About this exercise
Using only the records, tally the lines with "Hotel" in them and state that total by itself.
··· Dataset content
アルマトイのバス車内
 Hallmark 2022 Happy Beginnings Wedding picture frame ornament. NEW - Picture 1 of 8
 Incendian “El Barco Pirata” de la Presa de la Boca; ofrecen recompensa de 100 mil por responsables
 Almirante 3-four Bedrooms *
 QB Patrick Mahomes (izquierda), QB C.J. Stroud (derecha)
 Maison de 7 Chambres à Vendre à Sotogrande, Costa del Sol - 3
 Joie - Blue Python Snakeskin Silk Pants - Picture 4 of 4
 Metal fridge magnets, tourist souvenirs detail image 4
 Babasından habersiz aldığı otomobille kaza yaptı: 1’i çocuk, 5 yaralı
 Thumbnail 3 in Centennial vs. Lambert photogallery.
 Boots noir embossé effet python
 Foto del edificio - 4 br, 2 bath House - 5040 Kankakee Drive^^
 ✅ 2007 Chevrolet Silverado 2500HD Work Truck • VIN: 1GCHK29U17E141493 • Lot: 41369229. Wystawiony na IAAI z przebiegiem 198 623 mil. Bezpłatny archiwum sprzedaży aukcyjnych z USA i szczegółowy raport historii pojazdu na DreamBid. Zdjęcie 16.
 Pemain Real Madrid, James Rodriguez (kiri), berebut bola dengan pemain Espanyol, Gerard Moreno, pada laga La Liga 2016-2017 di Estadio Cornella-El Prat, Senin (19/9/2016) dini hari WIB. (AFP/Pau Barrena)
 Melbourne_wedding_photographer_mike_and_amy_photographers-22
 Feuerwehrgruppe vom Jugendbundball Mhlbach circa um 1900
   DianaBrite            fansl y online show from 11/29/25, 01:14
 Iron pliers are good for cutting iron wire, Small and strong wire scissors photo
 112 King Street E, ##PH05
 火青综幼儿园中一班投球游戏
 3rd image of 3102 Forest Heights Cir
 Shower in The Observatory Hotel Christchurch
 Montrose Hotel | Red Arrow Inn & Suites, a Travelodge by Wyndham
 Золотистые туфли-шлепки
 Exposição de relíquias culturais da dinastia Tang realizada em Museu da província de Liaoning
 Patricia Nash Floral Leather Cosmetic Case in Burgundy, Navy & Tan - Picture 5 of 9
······
Final answer
2